12 de julho de 2013

NÃO FIQUEI FERIDO

Nei Duclós

Não fiquei ferido. Conserto asas sempre que o voo sangra.

Quando vires o mar, saiba que virei sal.

Fui treinado novamente para o adeus. Uma lição que esqueço sempre que o amor faz a viagem de volta.

O amor que passa nunca existiu.

Não diga mais nada, entendi. Preciso agora cuidar das palavras para que percam esse mofo acumulado pelo fim.

Tomaste o amor sem dar nada em de volta. Levaste para longe, ave migratória.

Fio curvo de Lua, costura o frio noturno.

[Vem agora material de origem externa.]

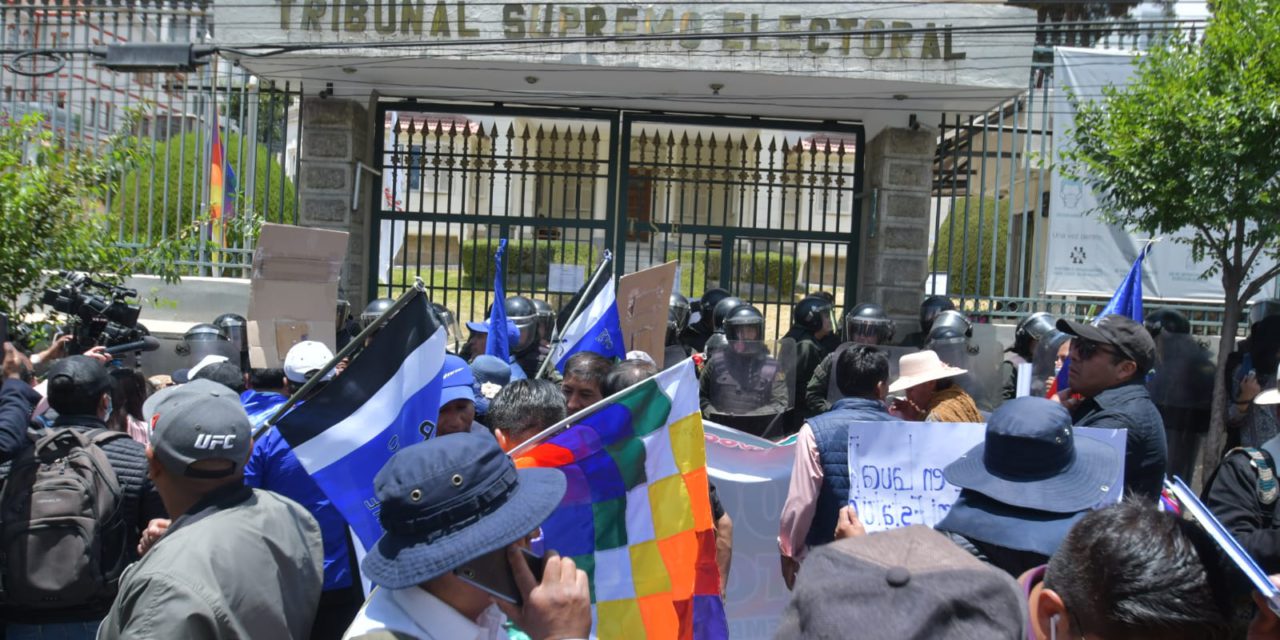Tensión en el Senado Boliviano: Evistas buscan revocar anulación de congreso de Lauca Ñ
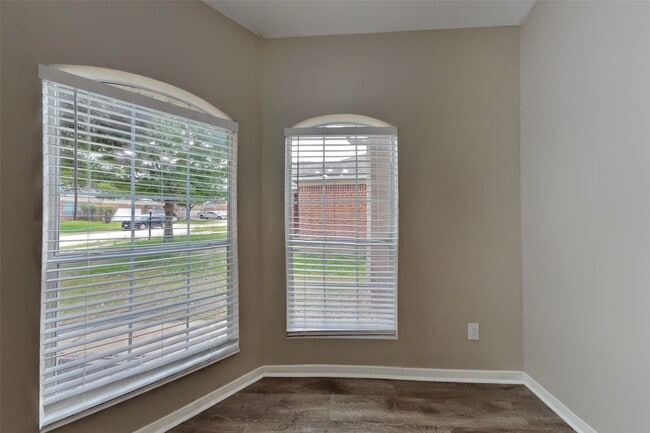 Photo - 15323 Fir Woods Ln
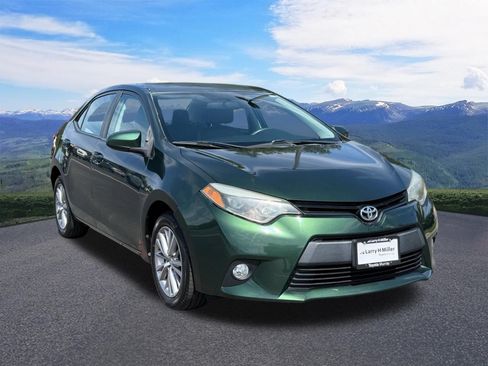Used 2014 Toyota Corolla LE FWD image 8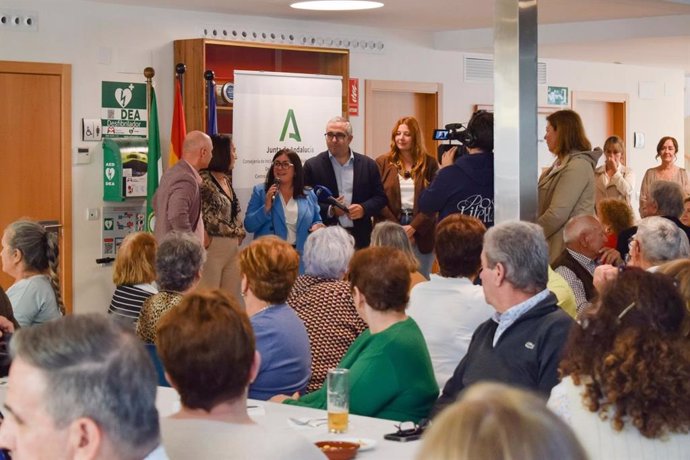 Visita al centro de participación activa de Los Palacios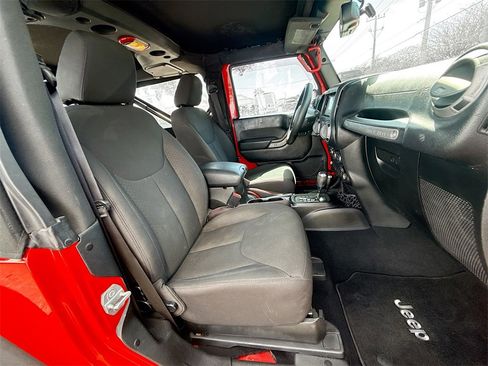 Used 2017 Jeep Wrangler Sport w/ Quick Order Package 24S image 32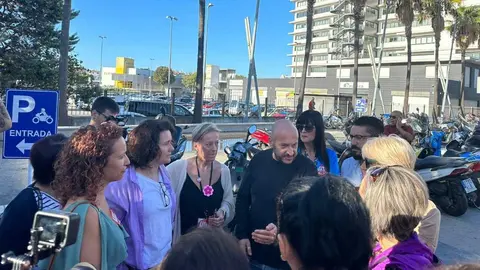 Concentraci&oacute;n a las puertas de Activa Club | El MIRA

Casa vazia de um botão mínimo, que deixa aberta a blusa de um convite.

Mesmo por um instante, quando voltas realimentas o que perdi para sempre.

Me adicionaste, subtraída. Multiplicas divisões em meu registro

Passaste por mim como um vento vindo de longe. Espero que retorne na curva da noite.

Tenho um amor que não existe, que desistiu de esperar. Sou um navio sem porto de chegar.

Até hoje eu lembro. Sinal que o tempo se guarda como um presente.

Esqueça-se de si que já perdi meus vínculos. Assim poderemos vibrar, intensos.

Estávamos perto. Mas nossas identidades atrapalharam. Melhor nos misturar ao dia, como faz o vento, que penetra por todos os poros.

Me devolveste o que jamais tive. Essas paredes de mel na minha fantasia.

Descobri tardiamente: não me queres mais. Quando me perdoaste, já era um adeus.

Tens o corpo suave como coberta de lã. Em ti me embrulho até amanhecer.

O inverno nos põe recolhidos em palavras no diminutivo. Ficamos sob tetos em casamatas de feltro

Melhor dizer só o mínimo para que o encontro não perca sua forma de magia.

Estive isolado numa ilha cercada por inúmeras distâncias. Mas vi o barco navegado por ti, peregrina.

Assomas de algum lugar bem na minha frente. Diga o nome do anjo que te enviou, graça noturna.

Não ceda aos meus encantos que te porei num canto. Meu vício é a sedução sem vínculo. Resista até o último assédio. Depois me capte com tua rede invisível.